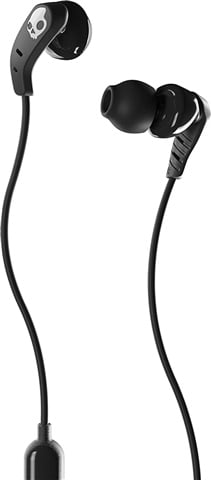 Skullcandy Set
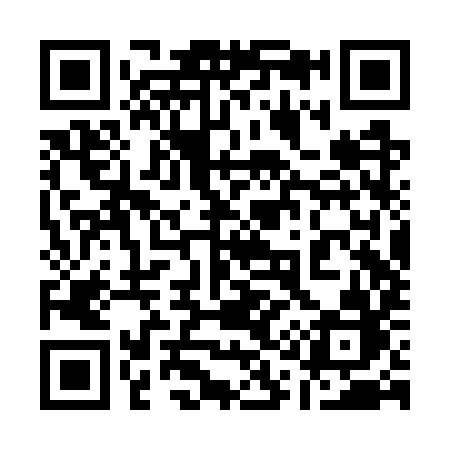 QR code for 112WYB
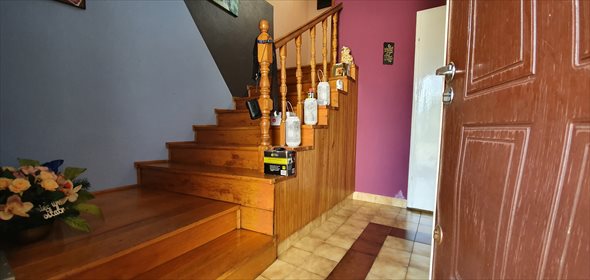 Dom na sprzedaż Tokary 180m2 Foto 3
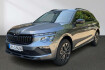 Skoda Kamiq Autres 1.5 tsi balance dsg ahk matrix kamera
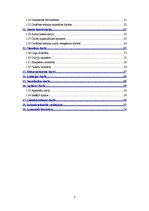 Paraugs 'Būvdarbu tehnoloģija un darba drošība', 3.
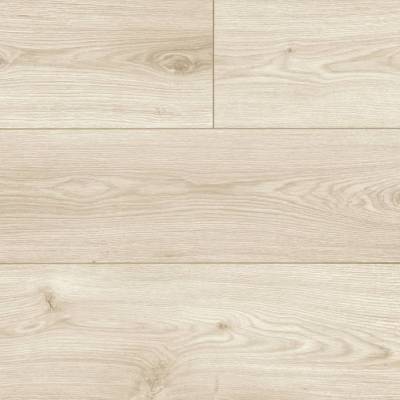 Panele Podłogowe Dąb Jowisz D 3786 AC4 10 mm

────

- [YOUR OBJECTIVE]: Without any pictures, transcribe the listing above exactly as written.

- [TASK RESPONSE]:
 Skullcandy Set
 QR code for 112WYB
 Dom na sprzedaż Tokary 180m2 Foto 3
 Skoda Kamiq Autres 1.5 tsi balance dsg ahk matrix kamera
 Paraugs 'Būvdarbu tehnoloģija un darba drošība', 3.
 Panele Podłogowe Dąb Jowisz D 3786 AC4 10 mm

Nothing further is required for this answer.